Examining the entire record, crediting evidence favorable to Martinez-
Gonzalez if a reasonable juror could, drawing every inference in his favor from
that evidence that a reasonable juror could, and resolving any doubts against
Appellees unless reasonable jurors could not, more than a scintilla of summary-
judgment evidence exists that would enable reasonable and fair-minded jurors to
differ in their conclusions as to whether Dr. Castro subjectively acted with willful
and wanton negligence on March 12, 2014, in his decisions to not perform a
genital exam or an ultrasound on Martinez-Gonzalez to rule out testicular torsion
despite the fact that Martinez-Gonzalez suffered from—according to Dr.
Gibson—classic testicular-torsion symptoms and despite the fact that Elite Care’s
assessment form for use on patients experiencing abdominal pain, which Dr.
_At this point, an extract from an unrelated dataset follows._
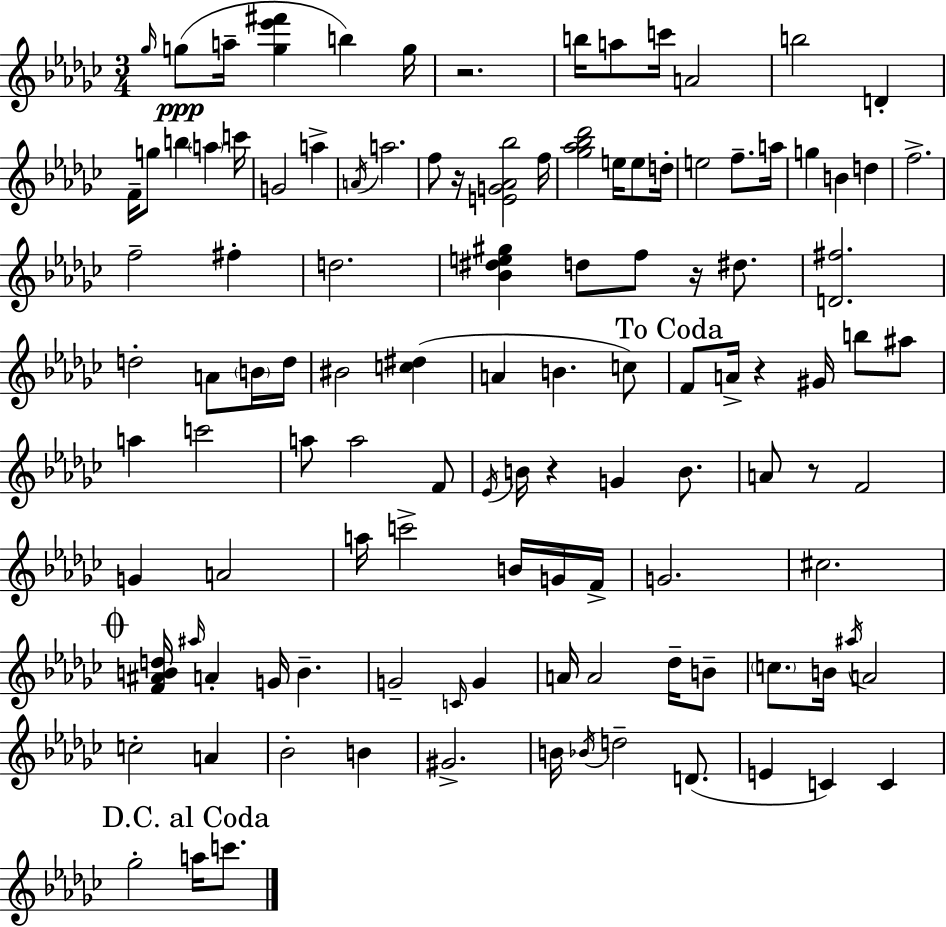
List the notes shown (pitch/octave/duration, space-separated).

Gb5/s G5/e A5/s [G5,Eb6,F#6]/q B5/q G5/s R/h. B5/s A5/e C6/s A4/h B5/h D4/q F4/s G5/e B5/q A5/q C6/s G4/h A5/q A4/s A5/h. F5/e R/s [E4,G4,Ab4,Bb5]/h F5/s [Gb5,Ab5,Bb5,Db6]/h E5/s E5/e D5/s E5/h F5/e. A5/s G5/q B4/q D5/q F5/h. F5/h F#5/q D5/h. [Bb4,D#5,E5,G#5]/q D5/e F5/e R/s D#5/e. [D4,F#5]/h. D5/h A4/e B4/s D5/s BIS4/h [C5,D#5]/q A4/q B4/q. C5/e F4/e A4/s R/q G#4/s B5/e A#5/e A5/q C6/h A5/e A5/h F4/e Eb4/s B4/s R/q G4/q B4/e. A4/e R/e F4/h G4/q A4/h A5/s C6/h B4/s G4/s F4/s G4/h. C#5/h. [F4,A#4,B4,D5]/s A#5/s A4/q G4/s B4/q. G4/h C4/s G4/q A4/s A4/h Db5/s B4/e C5/e. B4/s A#5/s A4/h C5/h A4/q Bb4/h B4/q G#4/h. B4/s Bb4/s D5/h D4/e. E4/q C4/q C4/q Gb5/h A5/s C6/e.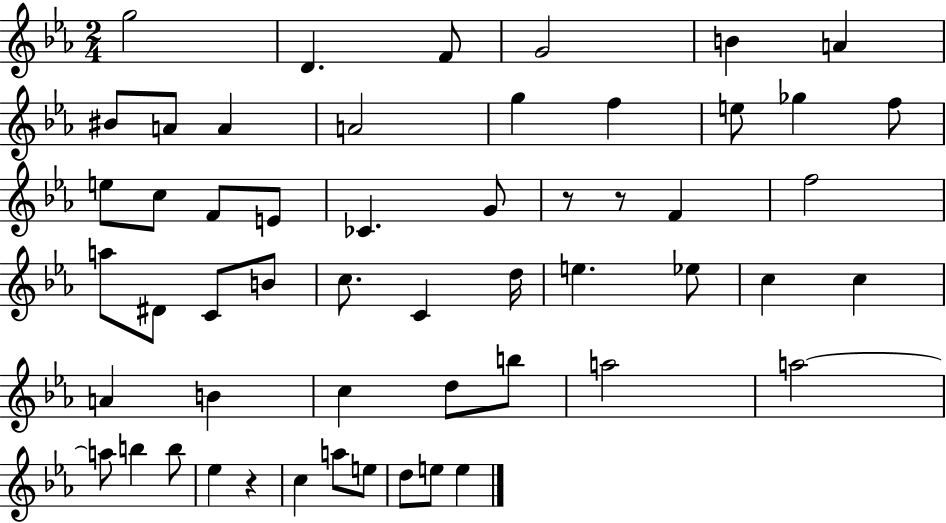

Castro used, had blanks to note the performance of a genital exam, to note any
testicular swelling or tenderness, and to order an ultrasound and listed testicular
torsion as a possible diagnosis applicable to a male experiencing abdominal and
flank pain severe enough to seek emergency medical care. That is, reasonable
jurors could differ in their conclusions as to whether Dr. Castro possessed actual,
subjective awareness of the extreme risk that Martinez-Gonzalez suffered from
the time-sensitive condition of testicular torsion and yet consciously disregarded
18
that risk and its consequences by not conducting an applicable genital exam or
ultrasound. See Sage, 465 S.W.3d at 407 (holding more than a scintilla of
evidence existed regarding subjective element of willful and wanton negligence
under section 74.153); Timpte Indus., 286 S.W.3d at 310 (quoting Mack Trucks,
206 S.W.3d at 582); Hamilton, 249 S.W.3d at 426 (citing City of Keller, 168
S.W.3d at 822).
Further, the summary-judgment evidence that a reasonable juror could
credit favorably to Martinez-Gonzalez establishes that on March 13, 2014,
Martinez-Gonzalez returned to Elite Care complaining of excruciating right
testicular pain and asked for Dr. Castro. Dr. Castro spoke to Martinez-Gonzalez
in the waiting area instead of admitting him for a follow-up examination. Although
Dr. Castro claims that Martinez-Gonzalez only wanted pain medication and
refused to check into Elite Care, Martinez-Gonzalez claims that he did not ask
only for pain medication and did not decline to check in, but instead that Dr.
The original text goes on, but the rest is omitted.